### WORK TASK
Keep to one stretch of the data below, the lines from the one with "Tory Burch Tan" up to and including the one with "Thinwall Klir Square", and return that stretch exactly.

### SOURCE MATERIAL
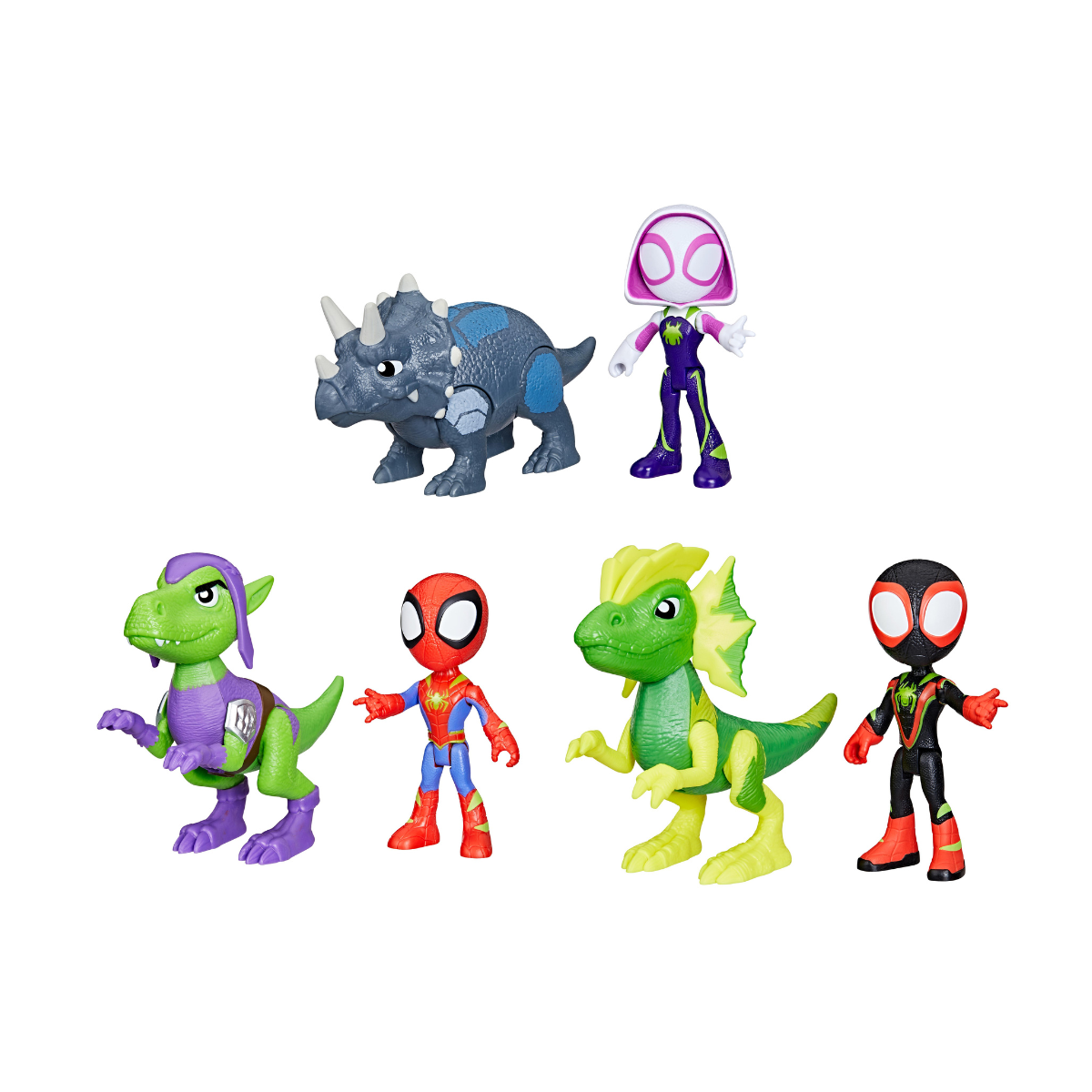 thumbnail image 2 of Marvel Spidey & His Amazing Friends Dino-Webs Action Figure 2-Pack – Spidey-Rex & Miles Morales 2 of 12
...
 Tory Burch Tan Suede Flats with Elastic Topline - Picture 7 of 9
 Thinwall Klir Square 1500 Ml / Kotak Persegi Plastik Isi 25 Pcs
* * *
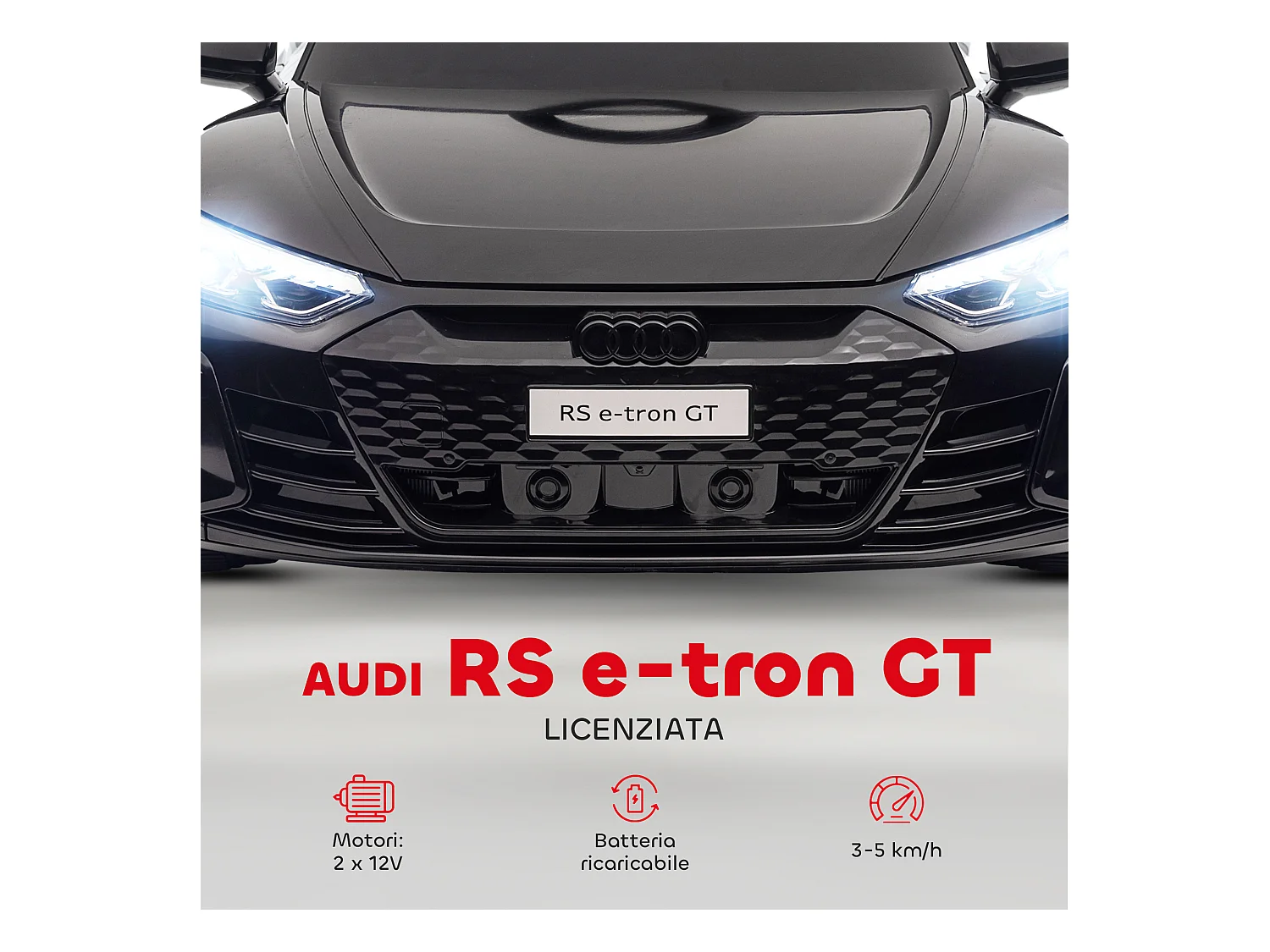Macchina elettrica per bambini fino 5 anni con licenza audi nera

### EXERCISE SOLUTION
 Tory Burch Tan Suede Flats with Elastic Topline - Picture 7 of 9
 Thinwall Klir Square 1500 Ml / Kotak Persegi Plastik Isi 25 Pcs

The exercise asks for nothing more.